Introducing StreamNative Platform
June 16, 2021
We are excited to announce StreamNative Platform 1.0, a cloud-native, unified messaging and streaming platform powered by Apache Pulsar. StreamNative Platform provides a complete, declarative API-driven experience for deploying and self-managing Apache Pulsar in your private environments. With StreamNative Platform, we’ve packaged our enterprise expertise with StreamNative Cloud to help you build your own private cloud Pulsar service.
Whether you are an agile development team that needs to get up and running with Apache Pulsar quickly, or a central infrastructure team that is responsible for enabling your engineering team to build messaging and streaming applications, StreamNative Platform may be the right fit for you. StreamNative platform enables you to:
- Reduce operational costs by using our API-driven automation to deploy and manage in the private environment of your choice.
- Reduce risk and costly resource investments, by leveraging our Pulsar expertise to run a secure, reliable, and production-ready messaging and streaming platform.

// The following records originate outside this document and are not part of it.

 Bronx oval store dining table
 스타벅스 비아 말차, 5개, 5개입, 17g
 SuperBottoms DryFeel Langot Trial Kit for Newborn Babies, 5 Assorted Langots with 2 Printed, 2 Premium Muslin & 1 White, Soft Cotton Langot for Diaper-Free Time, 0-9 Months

- Run messaging and streaming workloads consistently and scale to meet business demands with efficient use of resources by deploying Apache Pulsar to any private cloud.

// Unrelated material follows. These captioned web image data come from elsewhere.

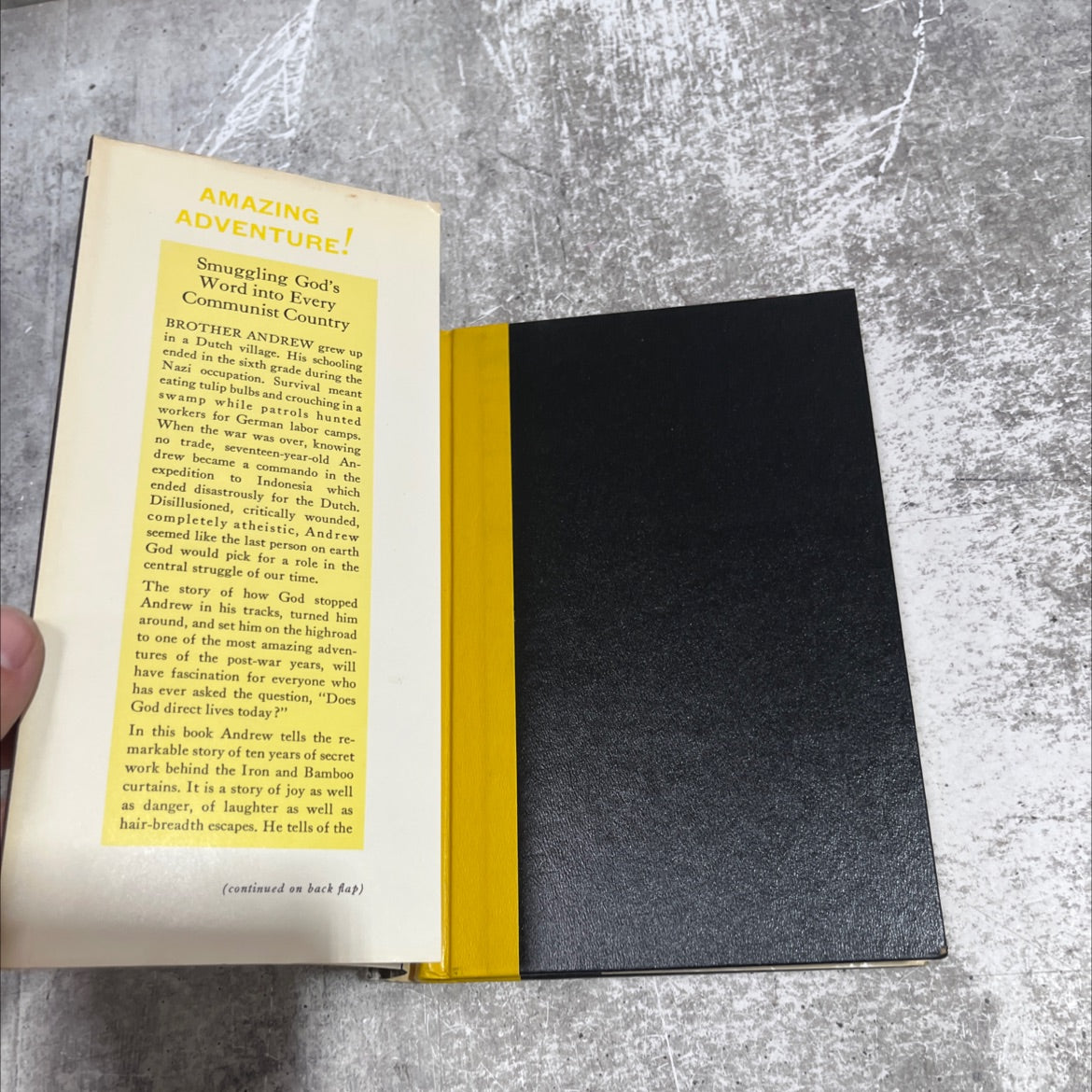 god's smuggler book, by brother andrew, 200 Hardcover image 4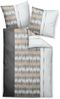 Janine Bettwäsche Milano 45026 07 Kaffee Mako Satin 155 x 220 + 80 x 80 cm Bild 2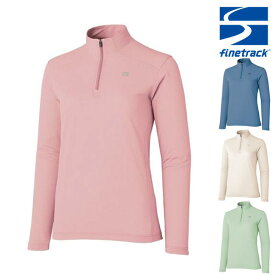 finetrack ファイントラック ドラウトクアッド ジップネック FMW1123 レディース ベースレイヤー 長袖Tシャツ トレイルランニング トレラン ランニング マラソン トレッキング クライミング 登山 自転車 アウトドア 女性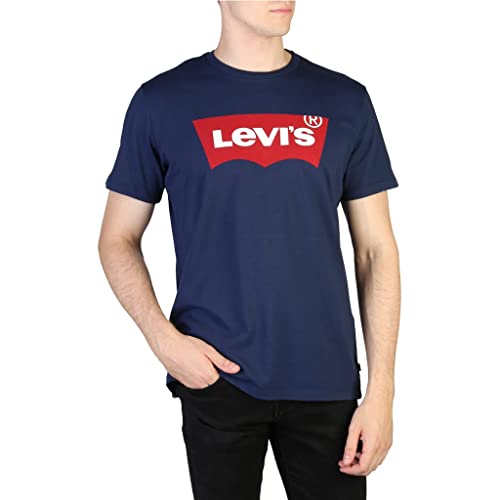 Levi's Herren Graphic Set-In Neck T-Shirt, Dress Blues, M von Levi's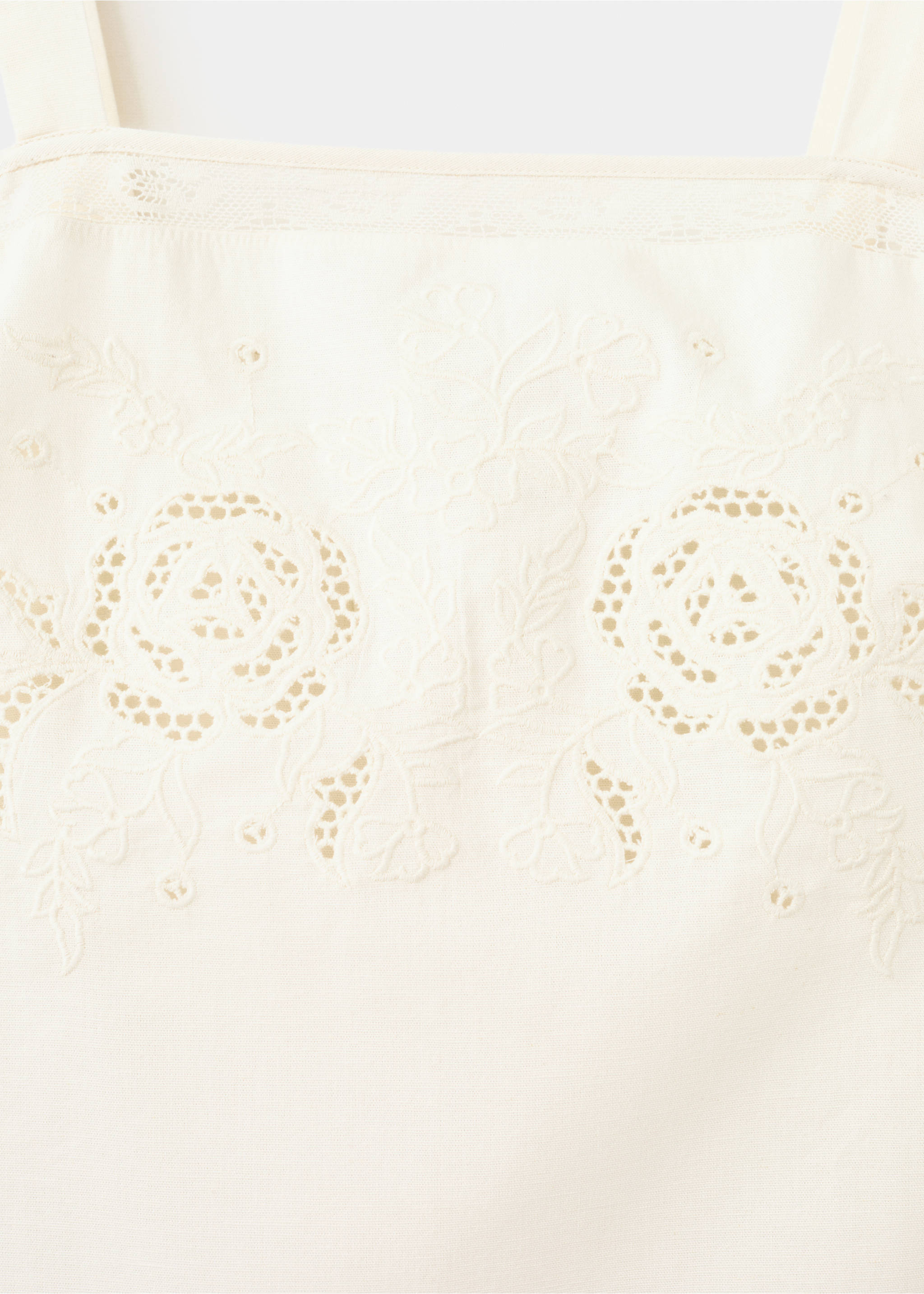 Top brodé ajouré - Détail de l'article 0, Blanc cassé. Ref: 27039073-00.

With StreamNative Platform, you can achieve the simplicity, flexibility, and efficiency of the cloud without the burden of complex infrastructure operations. We provide all the components of a complete platform—ready out of the box with enterprise-grade configurations.
StreamNative Platform features
The StreamNative Platform is built on Apache Pulsar to allow developers to transition from traditional silos and monolithic applications, to modern microservices and messaging and streaming applications to increase agility and accelerate time to market.
The overall architecture of StreamNative Platform is illustrated in the following figure.
In this blog, we highlight the enterprise features for StreamNative Platform, including:
- Transaction (Pulsar 2.8.0)
- Function Mesh
- Enterprise-grade security (Vault & Audit Log)
- Declarative API
- Integrated with Cloud-Native ecosystem
Below we provide a deep dive on each.
Enable unrestricted developer productivity with Pulsar transactions
Built on Apache Pulsar 2.8, StreamNative Platform brings strong transactional guarantees to Pulsar. Transactional guarantees make it easier than ever to write real-time, mission-critical messaging and streaming applications. From tracking ad views to processing financial transactions, you can do it all in real-time and reliably with Pulsar Transaction. You no longer have to develop with lost or duplicated data in mind.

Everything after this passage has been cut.